BY ALI TARKAN DURAL, M.D., F.A.C.G DIGESTIVE SPECIALISTS, P.A.
Nonalcoholic fatty liver disease (NAFLD) term encompasses benign simple fatty liver-steatosis, nonalcoholic steatohepatitis (NASH) and SHassociated cirrhosis. NAFLD is probably the most common liver disorder in the world which might affect 2.8% to 24 % of the general population (Sleisenger & Fordtran’s gastrointestinal and liver disease: pathophysiology, diagnosis, management. 8th edition.).
Obesity is the most commonly reported condition associated with NAFLD (http:// digestive.niddk.nih.gov/ddiseases/pubs/nash ) . NAFLD might be also caused by other acquired metabolic disorders (i.e., diabetes mellitus, hyperlipidemia, starvation), cytotoxic drugs (i.e., methotrexate, bleomycin), metals (i.e., thallium and uranium compounds), inborn errors of metabolism (i.e., abetalipoproteinemia ), surgical procedures (i.e., biliopancreatic diversion, extensive small bowel resection), other drugs ( i.e., amiodarone, estrogens, highly active antiretroviral therapy, tamoxifen) and miscellaneous conditions( i.e., prolonged total parenteral nutrition, jejunal diverticulosis with bacterial overgrowth, inflammatory bowel disease, industrial exposure to petrochemicals).
According to CDC web site (http://www. cdc.gov/obesity/data/trends.html ), obesity is defined as a body mass index (BMI) of 30 or greater. During the past 20 years there has been a significant increase in obesity in the U.S. In 2008, only one state (Colorado) had a prevalence of obesity less than 20%. Thirty-two states had prevalence equal to or greater than 25%; six of these states (Alabama, Mississippi, Oklahoma, South Carolina, Tennessee, and West Virginia) had a prevalence of obesity equal to or greater than 30%. Obesity is becoming a serious health concern for children and adolescents (http://www.cdc.gov/obesity/ childhood/prevalence.html ). Data from NHANES surveys (1976–1980 and 2003– 2006) show that the prevalence of obesity has increased: for children aged 2–5 years, prevalence increased from 5.0% to 12.4%; for those aged 6–11 years, prevalence increased from 6.5% to 17.0%; and for those aged 12–19 years, prevalence increased from 5.0% to 17.6%.

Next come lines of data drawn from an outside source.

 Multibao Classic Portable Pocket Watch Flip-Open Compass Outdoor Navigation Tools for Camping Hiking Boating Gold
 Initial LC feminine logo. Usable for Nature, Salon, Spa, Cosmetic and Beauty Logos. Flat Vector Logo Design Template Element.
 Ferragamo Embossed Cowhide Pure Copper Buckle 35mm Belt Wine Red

To diagnose NAFLD, alcohol consumption history, imaging tests and aminotransferase levels are utilized. Other etiologies, i.e., autoimmune, viral hepatitis and hemochromatosis need to be ruled out. By imaging and laboratory tests, it is difficult to distinguish benign steatosis from NASH and NASH-associated cirrhosis. However, higher BMI, age more than 45, AST > ALT, ALT > 2 x ULN, high ferritin, low platelets, sleep apnea, and features of severe insulin resistance are surrogate markers of NASH. Liver biopsy is still the gold standard test to establish diagnosis of NASH which can lead to cirrhosis. There are some emerging noninvasive surrogate markers like Fibro Test which might help to diagnose NASHassociated cirrhosis (http://www.ncbi.nlm. nih.gov/pubmed/15723588 ). Patients with NAFLD are also at high risk for other health issues including increased cardiovascular events.

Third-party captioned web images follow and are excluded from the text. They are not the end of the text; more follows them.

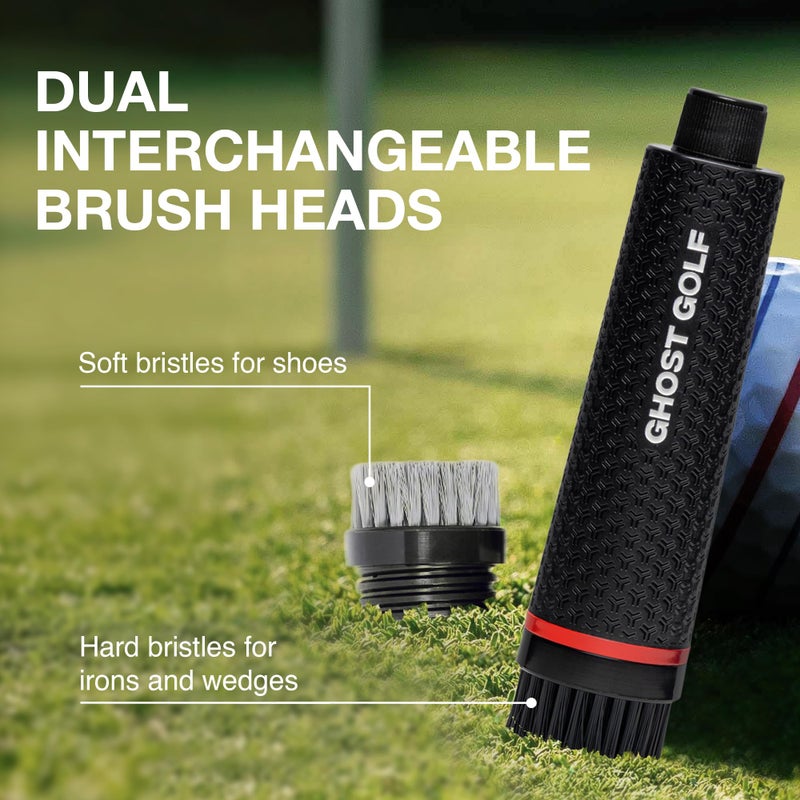 Ghost Golf Magnetic Golf Club Brush with Water Reservoir & Shoe Brush - Dual Head Groove Cleaner, Nylon Bristle, Retractable Carabiner Clip - Golf Cleaning Tool for Irons, Wedges & Golf Shoe Cleats - Image 5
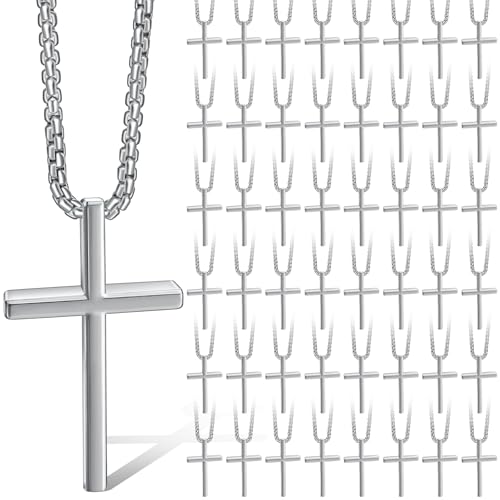 Kigeli 48 Pcs Cross Necklace Bulk Silver Stainless Steel Cross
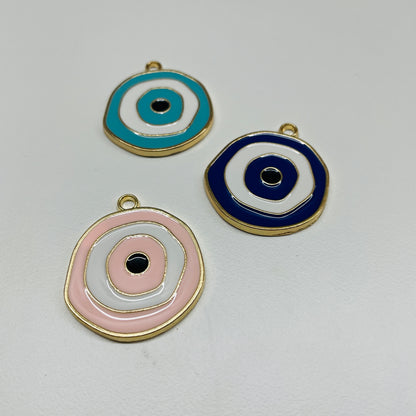 6 X LARGE ROUND EVIL EYE METAL CHARMS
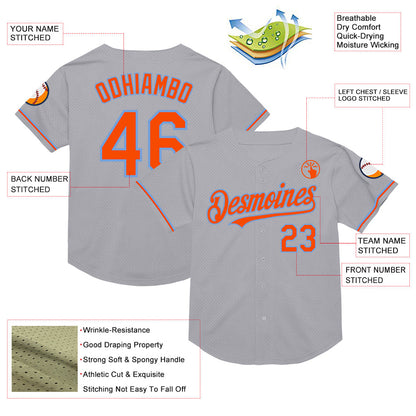 Custom Gray Orange-Powder Blue Mesh Authentic Throwback Baseball Jersey - Sky-Custom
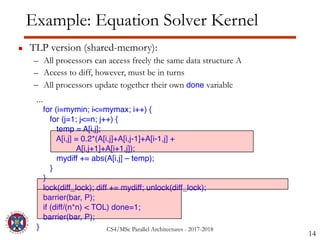 CS4/MSc Parallel Architectures - 2017-2018
Example: Equation Solver Kernel
▪ TLP version (shared-memory):
– All processors can access freely the same data structure A
– Access to diff, however, must be in turns
– All processors update together their own done variable
14
...
for (i=mymin; i<=mymax; i++) {
for (j=1; j<=n; j++) {
temp = A[i,j];
A[i,j] = 0.2*(A[i,j]+A[i,j-1]+A[i-1,j] +
A[i,j+1]+A[i+1,j]);
mydiff += abs(A[i,j] – temp);
}
}
lock(diff_lock); diff += mydiff; unlock(diff_lock);
barrier(bar, P);
if (diff/(n*n) < TOL) done=1;
barrier(bar, P);
}
 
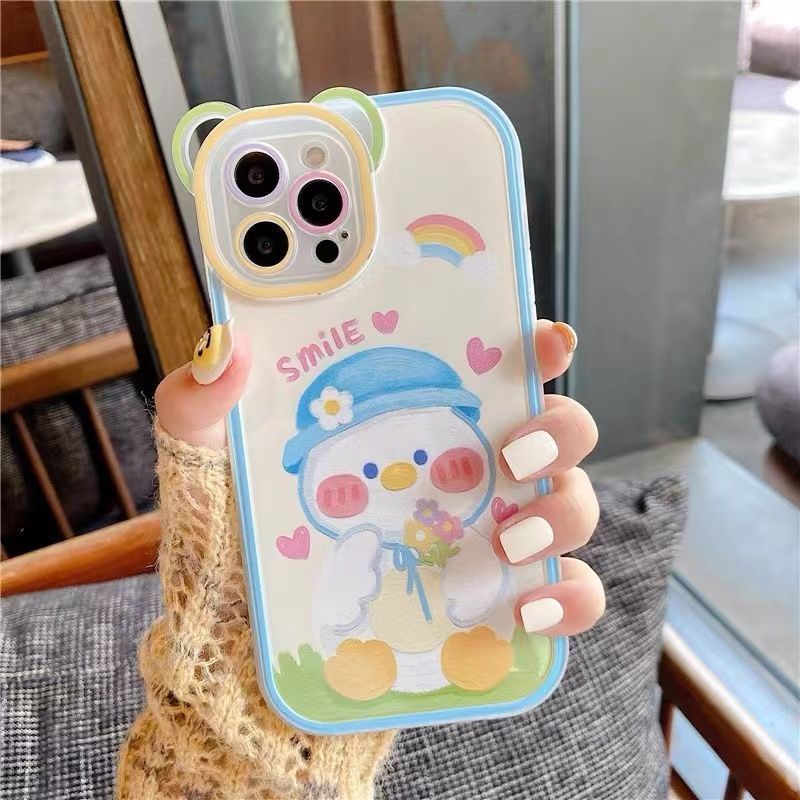 Ốp Điện Thoại TPU Dẻo Trong Suốt Họa Tiết Dễ Thương Cho IPhone 13 12 11 Pro Max Mini X XR XS 8 7 Plus 6 6S SE 2020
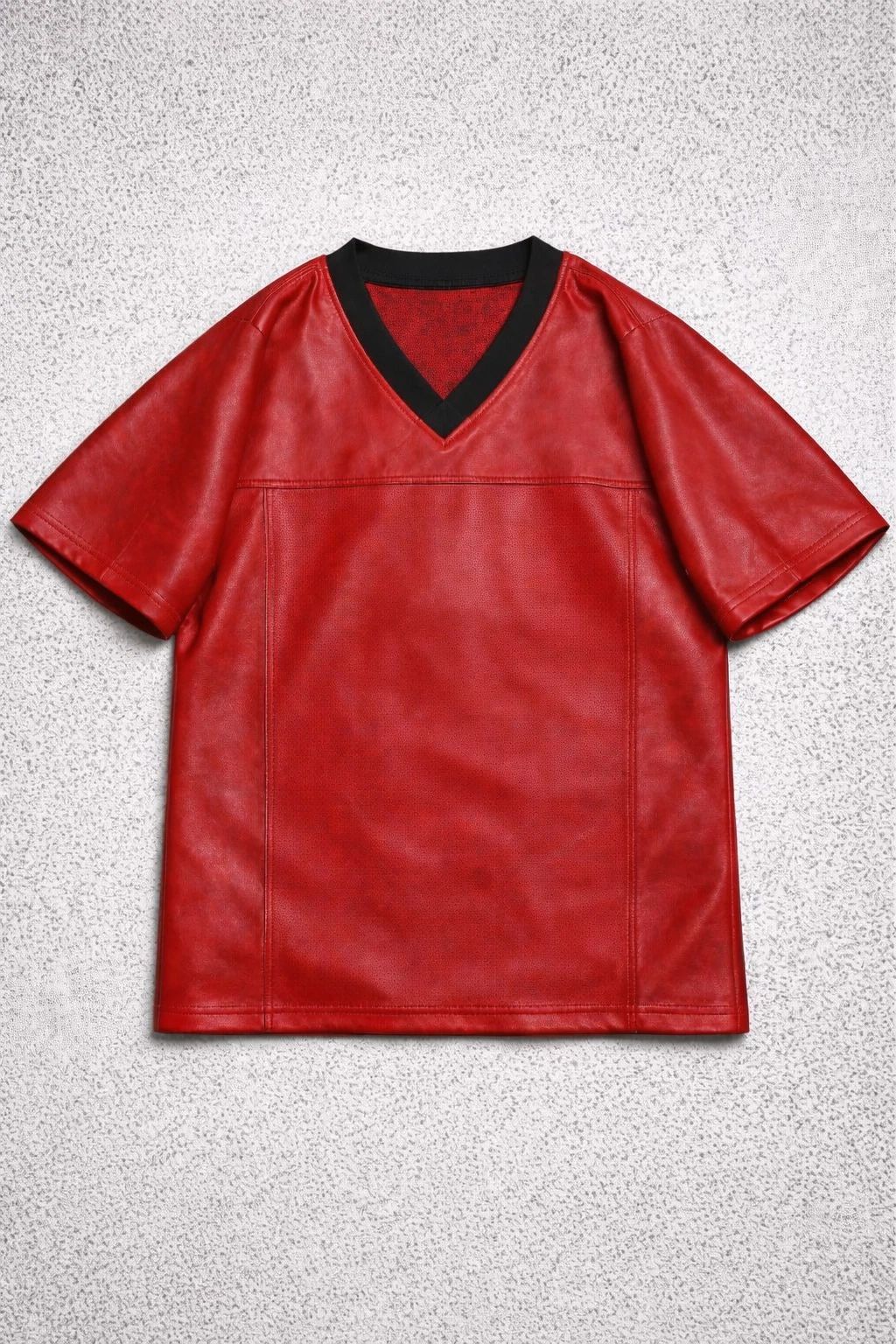 Custom Mens Basketball Style Red Faux Leather Shirt Short Sleeve Sports Jersey Unisex T-shirt, Sweatshirt, Hoodie, Long Sleeve Tee - T-Shirt, Sweatshirt, Hoodie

The potential treatments for NASH include weight loss (diet and exercise counseling, possibly bariatric surgery), insulin sensitizers (metformin, Thiazolidinediones-TZDs, i.e., pioglitazone, rosiglitazone), UDCA, antioxidants (Vitamin E, betaine), orlistat, antilipemics (gemfibrozil, statins), losartan and TNF alfa-inhibitors. However, there is no single established treatment for NAFLD yet.
Weight loss by diet and exercise is the initial recommendation of choice. Further studies are needed to recommend bariatric surgery specifically for treatment of NASH patients. However, the studies have shown significant improvement in liver biopsies of patients who underwent gastric restriction with bypass surgery in Pittsburgh (Manar et al. Annals of Surgery 2005; 242: 610-620). Bariatric surgery can be performed safely in NASH and NASH related cirrhotic patients as long as prominent portal hypertension is absent (absence of esophageal and intraabdominal varices by upper endoscopy and imaging tests).
Insulin sensitizers might also play an important role in treatment of NASH. Recently in PIVENS trial (http://www.ncbi. nlm.nih.gov/pubmed/18804555 ), Vitamin E 800 IU/daily also showed promising results.
Cardiovascular events are most common cause of death in patients with NAFLD. We need to remember that statins can be used safely in NAFLD patients as long as guidelines are followed. Some case series have shown improvement in liver biopsies of NASH patients who take statins.
As a clinician, I have noticed more NAFLD cases in younger adults and even in teenagers in recent years. It is my opinion that increasing incidence of NAFLD due to childhood obesity is a clear and present danger that will negatively impact healthcare in the near future.